Impact of inflation on SIP investments
Suppose an investor wants to invest in mutual funds via SIP. He starts investing Rs. 6,760 per month via SIP with an 8% annual rate, hoping to accumulate a corpus of Rs. 5 lakhs in 5 years. However, inflation also grows at 3% annually. In this scenario, the real value of this investment gets reduced by the same percentage. Thus, the investor must earn inflation-beating returns to meet the target corpus.
Dealing with inflation and reducing its impact on SIP investments
- Diversify your portfolio with different types of equity funds
Invest in SIP equity funds that offer exposure to different companies and sectors, such as healthcare, banking, and technology, to reduce the vulnerability of your investments to inflation. You can choose to invest in ELSS (Equity Linked Savings Scheme) funds, also known as diversified equity funds, which not only offer capital appreciation but also provide tax benefits.
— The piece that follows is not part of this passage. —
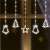 LED curtain lights with bells, stars and Christmas trees, white, 10 figures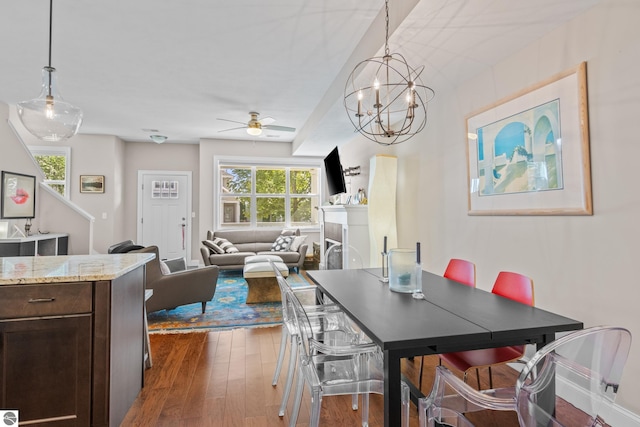 dining area featuring ceiling fan with notable chandelier and dark hardwood / wood-style flooring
Besides equity, try to diversify your portfolio with debt, gold funds, real estate mutual funds, and other securities. This diversification strategy helps to mitigate the effects of inflation and can enhance the overall performance of your SIP investments.
- Invest for long term
A long-term approach gives your money more time to grow and benefit from the power of compounding. Compounding allows you to earn not just on your principal investment but also on the returns it accumulates over time. This helps you increase your overall returns and balance out the effects of inflation. Sip calculator can help you to measure your sip returns according to market conditions.
SIP method of mutual funds also takes advantage of rupee cost averaging, where you invest regularly, irrespective of the market level. This strategy helps you buy fewer units when markets are high and more units when prices are low. Over time, your average cost per unit reduces, which in turn helps to maximise your potential returns.
- Step up SIP
Step-up SIP facility allows for an automatic increase in SIP instalments at predetermined intervals, thereby helping investors to adjust to inflation. For instance, if you invest in an SIP mutual fund that provides a 10% return on investment, but the inflation rate is at 3%, the net return rate is only 7%. By using the step-up SIP facility, you can adapt to inflation and increase the investment amounts accordingly to maintain the purchasing power of your savings.
To wrap up
Inflation impacts your systematic investment plan both on the way in (i.e., value of money invested) and on the way out (i.e., purchasing power of returns). So, you, as an investor, must account for inflation while planning your investment portfolio. Seek advice from a financial advisor who can help you plan your portfolio as per market trends and inflation to support your long-term goals.